Task to complete = Only the lines from the one containing "PA license plate KAA3424" through the final line below belong in the output, copied exactly and without pictures.

(Captioned web image data)
***

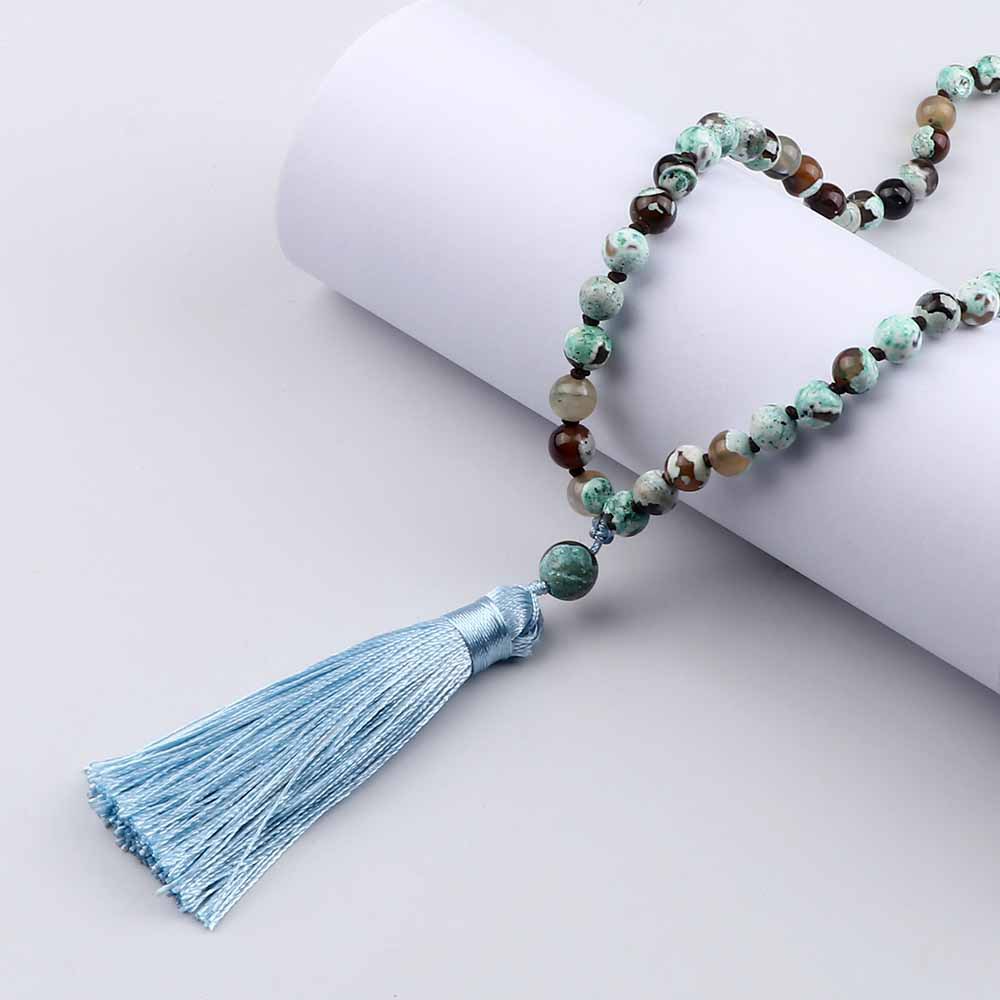 Bright Colored Mala Beads with Tassel 6mm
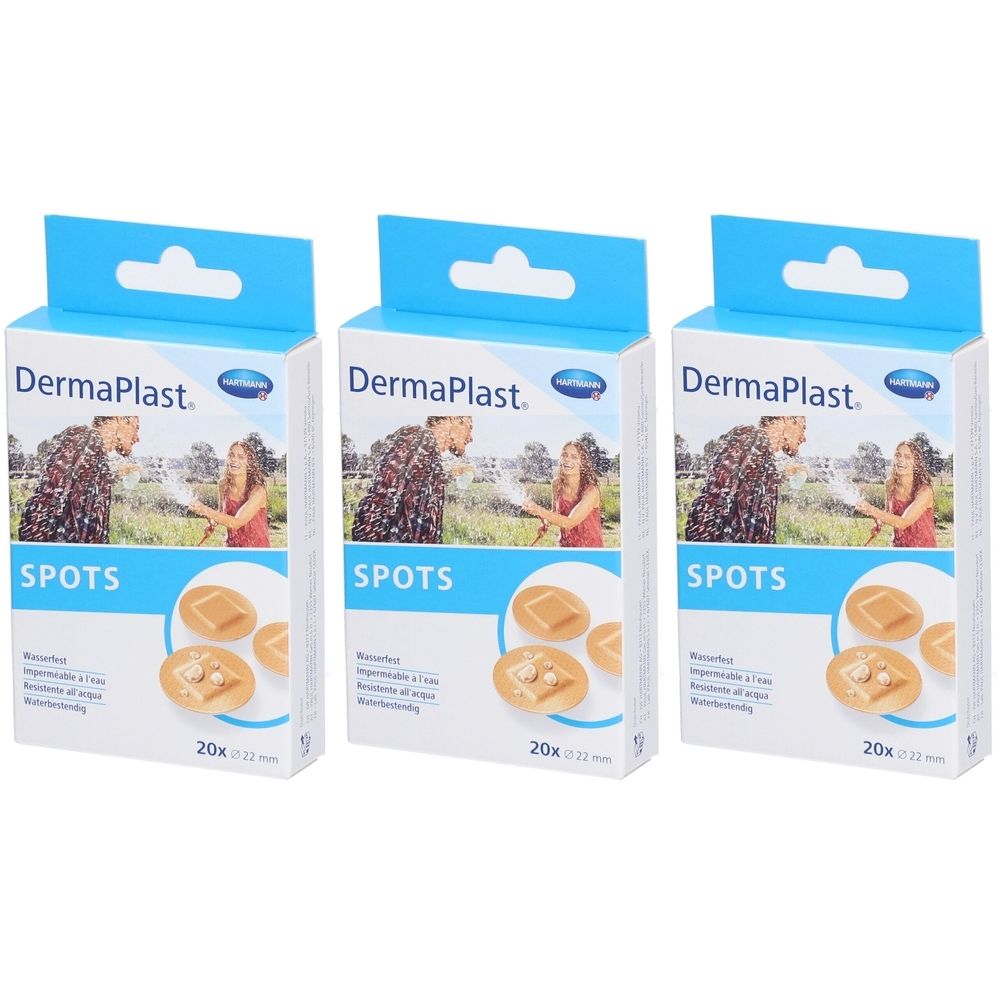 Trois boîtes de Dermaplast Spots Rundpflaster. Chaque boîte montre des pansements et contient 20 pièces. Emballage bleu et blanc.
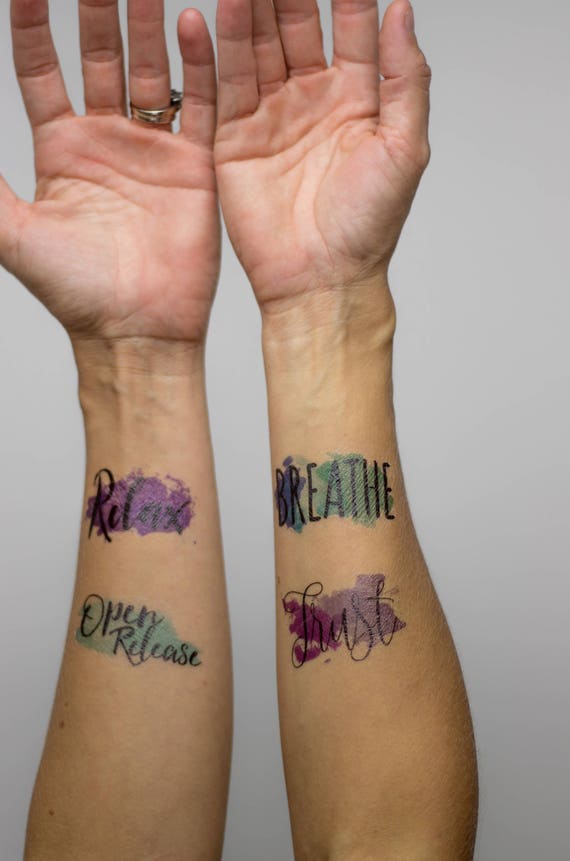 pk Englisch Aquarell Geburt Affirmation Tattoos Etsy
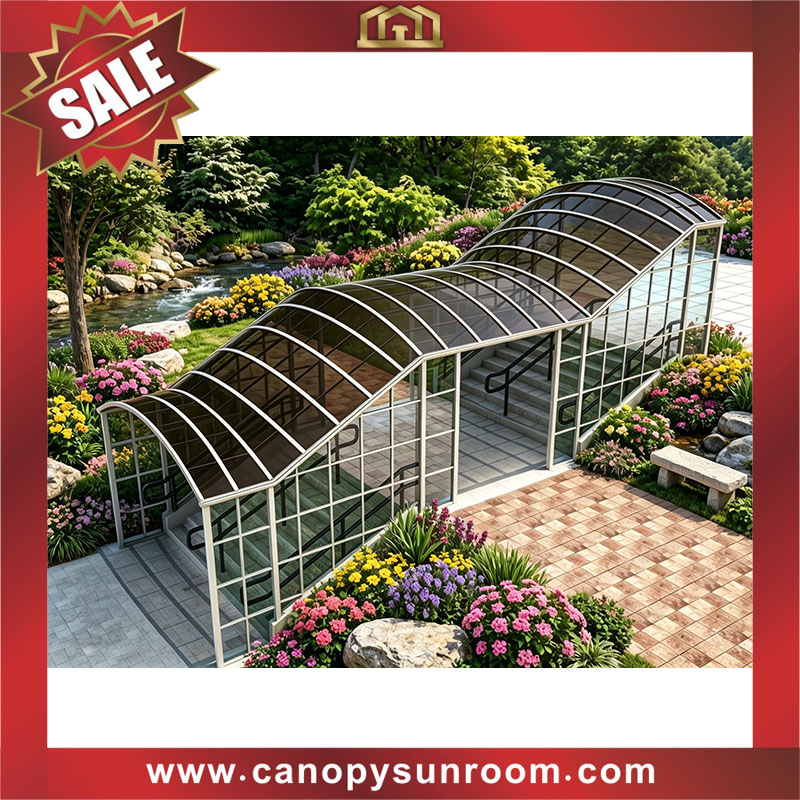 Outdoor walkway passage stair way corridor polycarbonate aluminum canopy awning cover shelter for the projects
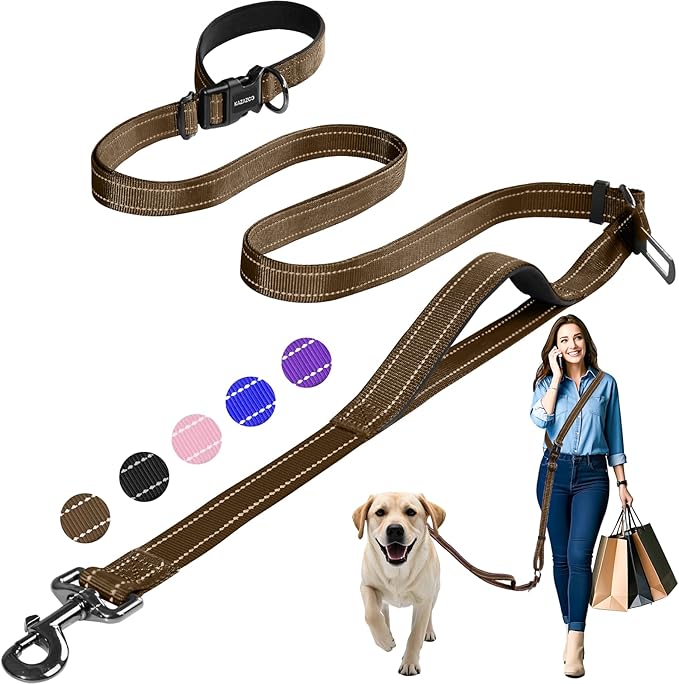 Kazazoo Hands-Free Dog Leash with Adjustable Length 5.5-8.5FT + Dual Padded Handles Reflective Safety for Walking, Jogging & Training | Suitable for Medium to Large Dogs & Puppies M Size Brown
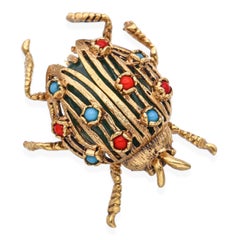Vintage 14k Yellow Gold Jadeite Coral and Turquoise Beetle Brooch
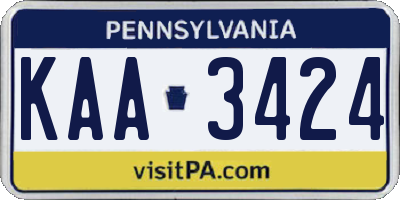 PA license plate KAA3424
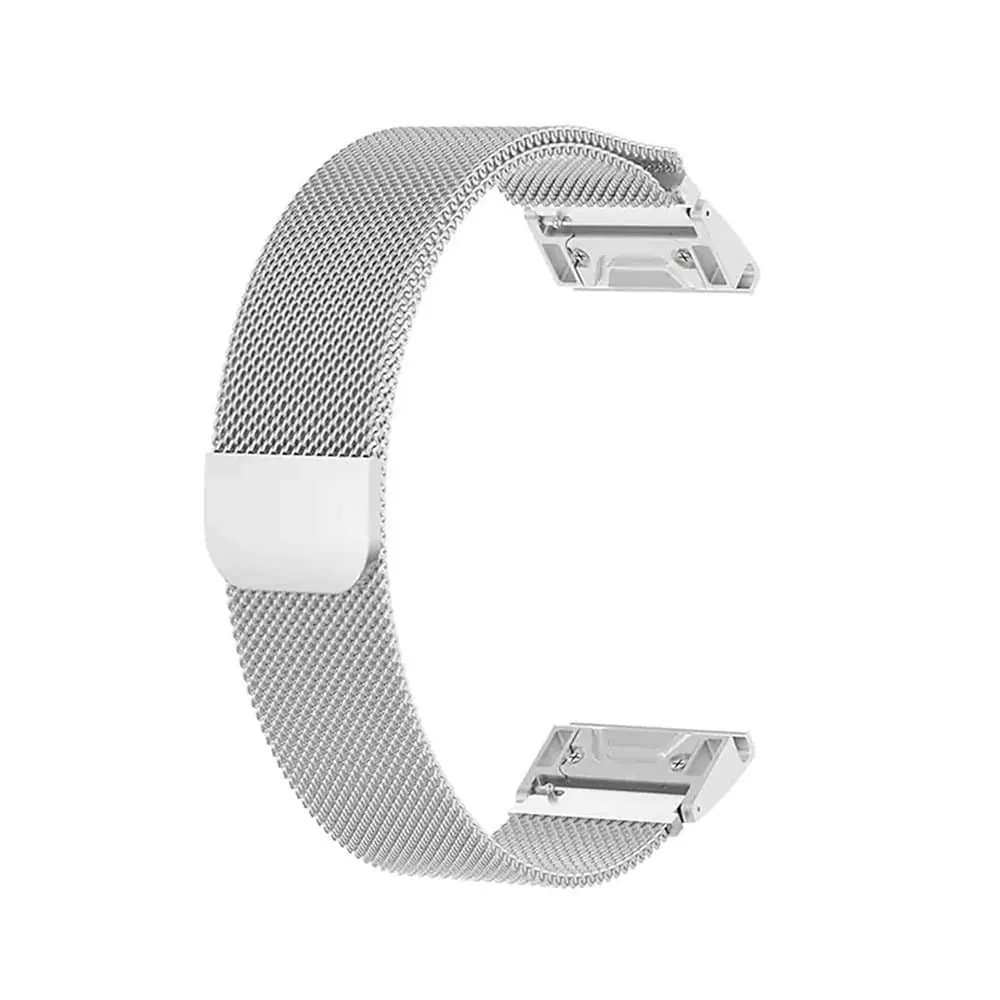 22mm EasyFit Milanese Stainless Steel Strap for Garmin - Silver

***

Solution below =
 PA license plate KAA3424
 22mm EasyFit Milanese Stainless Steel Strap for Garmin - Silver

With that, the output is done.